■ **Data segment**:
━━━━━━━━━━━━━━━━━━━━━━━━━━━━━━
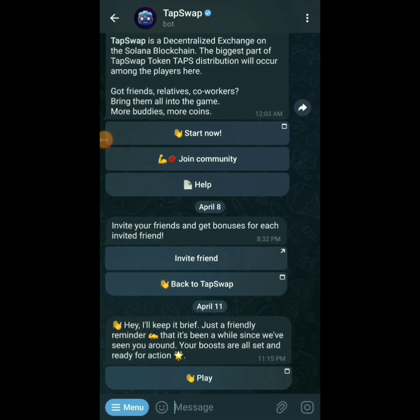Welcome guys, this is Crypto Toko. In this video we're talking about TapSwap. Just like Notcoin, which we've been mining since last year, TapSwap works the same way — you tap on the coin, you get coins, and you redeem them upon launch. They are launching April 20th. You can mine TapSwap just like Notcoin.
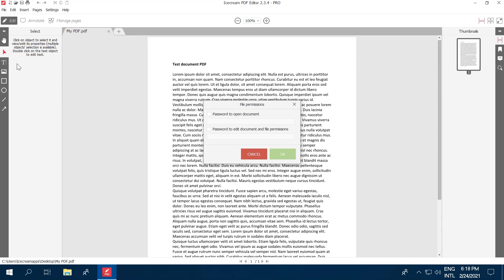There are two file protection options. The first, Password to open documents, is a password that grants access to read the document. Enable this option and enter a password.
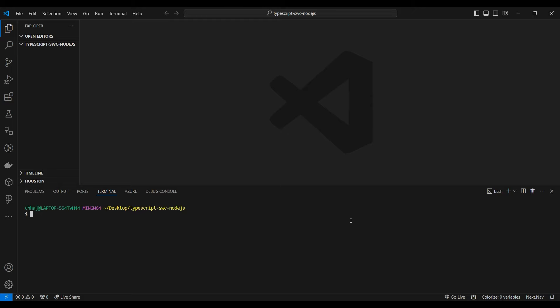Hello, today we're going to learn how to set up TypeScript with Node.js using the SWC compiler. This is my first time recording a YouTube video tutorial and I'm excited, so let's start.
━━━━━━━━━━━━━━━━━━━━━━━━━━━━━━
■ **How to complete this task**: Copy out every line of the material above precisely, omitting the pictures.

■ **Expected output**:
Welcome guys, this is Crypto Toko. In this video we're talking about TapSwap. Just like Notcoin, which we've been mining since last year, TapSwap works the same way — you tap on the coin, you get coins, and you redeem them upon launch. They are launching April 20th. You can mine TapSwap just like Notcoin.
There are two file protection options. The first, Password to open documents, is a password that grants access to read the document. Enable this option and enter a password.
Hello, today we're going to learn how to set up TypeScript with Node.js using the SWC compiler. This is my first time recording a YouTube video tutorial and I'm excited, so let's start.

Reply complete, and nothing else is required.